# Trainers around State College PA or Erie PA



## Mocha (Dec 3, 2013)

Hey guys, here is my dilemma. A Google search presented two Schutzhund clubs, BOTH two + hours away. I've been throwing around the idea of just making the trip each weekend, but that is still a lot of time and gas...yikes.

Looking to see if anyone knows of any good trainers around either State College or Erie. I'll be in State College until May, and then move back to Erie. So, ideally I would like to find a solid obedience trainer in State College, and a more advanced one in Erie since he is only six months now, and from what I've read obedience should be the key focus until he's developed more and can handle rougher training.

There was an idealistic trainer in State College, who is no longer taking on new clients because they are moving...  (John P Jones Training)
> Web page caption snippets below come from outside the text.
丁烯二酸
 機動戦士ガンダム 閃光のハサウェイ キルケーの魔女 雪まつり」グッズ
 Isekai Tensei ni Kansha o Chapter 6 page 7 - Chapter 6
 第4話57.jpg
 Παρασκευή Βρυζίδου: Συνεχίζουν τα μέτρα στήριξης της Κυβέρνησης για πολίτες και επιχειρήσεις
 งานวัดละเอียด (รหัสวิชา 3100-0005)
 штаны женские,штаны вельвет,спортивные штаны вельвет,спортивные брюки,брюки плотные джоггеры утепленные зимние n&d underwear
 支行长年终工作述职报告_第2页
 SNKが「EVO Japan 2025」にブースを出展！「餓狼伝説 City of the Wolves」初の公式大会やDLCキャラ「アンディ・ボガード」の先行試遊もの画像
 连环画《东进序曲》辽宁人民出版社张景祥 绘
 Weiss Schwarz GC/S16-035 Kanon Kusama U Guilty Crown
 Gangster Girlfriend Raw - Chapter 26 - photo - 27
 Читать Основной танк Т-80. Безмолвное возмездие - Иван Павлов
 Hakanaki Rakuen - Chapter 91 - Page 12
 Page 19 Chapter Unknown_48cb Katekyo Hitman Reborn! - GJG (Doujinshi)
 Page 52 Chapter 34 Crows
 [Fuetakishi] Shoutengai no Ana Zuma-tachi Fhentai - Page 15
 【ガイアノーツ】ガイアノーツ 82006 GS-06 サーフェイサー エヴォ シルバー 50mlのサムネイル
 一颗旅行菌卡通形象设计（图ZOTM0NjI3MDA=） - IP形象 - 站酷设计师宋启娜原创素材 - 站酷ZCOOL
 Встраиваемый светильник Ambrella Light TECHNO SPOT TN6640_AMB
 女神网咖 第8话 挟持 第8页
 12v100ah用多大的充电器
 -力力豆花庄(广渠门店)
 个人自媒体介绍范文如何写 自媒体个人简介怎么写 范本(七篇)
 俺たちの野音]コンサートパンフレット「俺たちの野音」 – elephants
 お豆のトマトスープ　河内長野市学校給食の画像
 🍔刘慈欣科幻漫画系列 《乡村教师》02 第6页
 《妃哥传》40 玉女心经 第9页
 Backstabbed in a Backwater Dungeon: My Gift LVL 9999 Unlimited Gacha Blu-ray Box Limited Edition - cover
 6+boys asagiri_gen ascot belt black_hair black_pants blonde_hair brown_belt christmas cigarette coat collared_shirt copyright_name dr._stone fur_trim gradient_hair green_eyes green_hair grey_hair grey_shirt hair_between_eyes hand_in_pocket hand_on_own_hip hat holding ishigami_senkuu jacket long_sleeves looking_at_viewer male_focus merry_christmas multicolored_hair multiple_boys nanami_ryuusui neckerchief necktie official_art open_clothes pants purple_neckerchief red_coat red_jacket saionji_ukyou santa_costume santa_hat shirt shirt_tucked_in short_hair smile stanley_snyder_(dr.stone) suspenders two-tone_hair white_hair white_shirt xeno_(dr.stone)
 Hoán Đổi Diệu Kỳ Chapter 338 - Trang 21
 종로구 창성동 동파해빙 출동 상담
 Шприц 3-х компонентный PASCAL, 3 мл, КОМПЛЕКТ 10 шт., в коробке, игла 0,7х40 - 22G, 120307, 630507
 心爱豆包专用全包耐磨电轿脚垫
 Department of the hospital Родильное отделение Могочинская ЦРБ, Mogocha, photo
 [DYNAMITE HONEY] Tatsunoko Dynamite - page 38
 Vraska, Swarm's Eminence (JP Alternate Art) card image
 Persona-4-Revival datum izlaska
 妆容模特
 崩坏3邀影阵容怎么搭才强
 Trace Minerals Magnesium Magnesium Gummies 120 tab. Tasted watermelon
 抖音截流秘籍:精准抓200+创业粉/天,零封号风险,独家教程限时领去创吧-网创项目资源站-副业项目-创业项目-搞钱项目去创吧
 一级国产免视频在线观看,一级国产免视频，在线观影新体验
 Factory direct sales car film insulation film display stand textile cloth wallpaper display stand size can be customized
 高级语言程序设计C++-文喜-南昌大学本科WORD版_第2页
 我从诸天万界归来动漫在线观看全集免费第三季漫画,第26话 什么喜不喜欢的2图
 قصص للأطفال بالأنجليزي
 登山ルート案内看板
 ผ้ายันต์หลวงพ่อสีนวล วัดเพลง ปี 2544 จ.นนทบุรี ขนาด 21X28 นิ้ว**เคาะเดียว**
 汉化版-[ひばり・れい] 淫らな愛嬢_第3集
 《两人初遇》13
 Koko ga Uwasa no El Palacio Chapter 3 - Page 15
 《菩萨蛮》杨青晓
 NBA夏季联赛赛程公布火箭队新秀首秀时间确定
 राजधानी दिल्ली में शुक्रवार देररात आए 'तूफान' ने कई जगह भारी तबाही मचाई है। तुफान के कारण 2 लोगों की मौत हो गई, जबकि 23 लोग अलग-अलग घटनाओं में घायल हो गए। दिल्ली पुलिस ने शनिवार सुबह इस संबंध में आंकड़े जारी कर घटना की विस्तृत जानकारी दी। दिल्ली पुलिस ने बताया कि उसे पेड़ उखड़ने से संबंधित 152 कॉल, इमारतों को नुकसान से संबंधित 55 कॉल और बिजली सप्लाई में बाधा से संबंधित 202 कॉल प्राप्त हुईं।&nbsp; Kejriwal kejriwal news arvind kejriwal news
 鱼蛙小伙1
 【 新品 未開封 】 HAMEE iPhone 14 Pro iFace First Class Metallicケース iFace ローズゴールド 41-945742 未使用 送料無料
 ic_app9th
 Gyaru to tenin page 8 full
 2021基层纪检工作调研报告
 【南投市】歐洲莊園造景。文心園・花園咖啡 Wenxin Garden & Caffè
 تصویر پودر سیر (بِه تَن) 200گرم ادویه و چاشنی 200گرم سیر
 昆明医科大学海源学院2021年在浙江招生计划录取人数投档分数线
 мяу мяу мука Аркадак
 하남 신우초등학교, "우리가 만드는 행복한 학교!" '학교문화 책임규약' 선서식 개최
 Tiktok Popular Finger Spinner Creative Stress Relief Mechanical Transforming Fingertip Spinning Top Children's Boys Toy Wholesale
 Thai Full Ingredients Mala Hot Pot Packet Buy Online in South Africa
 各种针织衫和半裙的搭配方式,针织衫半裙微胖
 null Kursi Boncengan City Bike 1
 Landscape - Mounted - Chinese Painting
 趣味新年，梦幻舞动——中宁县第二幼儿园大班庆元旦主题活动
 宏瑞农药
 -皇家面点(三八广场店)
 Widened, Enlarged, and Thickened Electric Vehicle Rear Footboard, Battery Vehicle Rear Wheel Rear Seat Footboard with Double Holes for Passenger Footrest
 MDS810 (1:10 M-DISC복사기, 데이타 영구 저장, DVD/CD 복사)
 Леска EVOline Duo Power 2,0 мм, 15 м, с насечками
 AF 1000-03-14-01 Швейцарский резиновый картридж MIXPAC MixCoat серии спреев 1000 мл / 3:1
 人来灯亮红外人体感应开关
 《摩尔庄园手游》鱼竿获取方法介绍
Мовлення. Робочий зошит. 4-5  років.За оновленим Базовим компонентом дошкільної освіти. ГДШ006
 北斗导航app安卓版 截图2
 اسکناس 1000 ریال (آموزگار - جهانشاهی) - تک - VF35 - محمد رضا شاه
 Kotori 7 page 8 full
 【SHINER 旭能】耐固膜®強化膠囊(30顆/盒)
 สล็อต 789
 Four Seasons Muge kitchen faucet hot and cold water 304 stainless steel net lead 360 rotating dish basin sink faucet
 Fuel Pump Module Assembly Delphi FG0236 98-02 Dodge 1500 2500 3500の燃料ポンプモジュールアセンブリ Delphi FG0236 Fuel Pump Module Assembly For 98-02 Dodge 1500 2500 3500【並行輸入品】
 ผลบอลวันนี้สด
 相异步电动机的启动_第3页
I'm completely new to all of this, so my idealistic trainer would be training me too:help:


----------



## Renofan2 (Aug 27, 2010)

Try Mudder River, but not sure how far they are from you. Or Joe Brockington.


----------



## Mocha (Dec 3, 2013)

Renofan2 said:


> Try Mudder River, but not sure how far they are from you. Or Joe Brockington.


The first one is only an hour and half away! Closer than what I originally have! Thank you so much 


Sent from Petguide.com Free App


----------



## meek (Feb 14, 2012)

Did you try Altoona ?


Sent from Petguide.com Free App


----------



## Mocha (Dec 3, 2013)

meek said:


> Did you try Altoona ?
> 
> 
> Sent from Petguide.com Free App


No I didn't, that's a great idea. I never even thought of it. Thanks !


Sent from Petguide.com Free App


----------



## meek (Feb 14, 2012)

Mocha said:


> No I didn't, that's a great idea. I never even thought of it. Thanks !
> 
> 
> Sent from Petguide.com Free App



Good luck. 


Sent from Petguide.com Free App


----------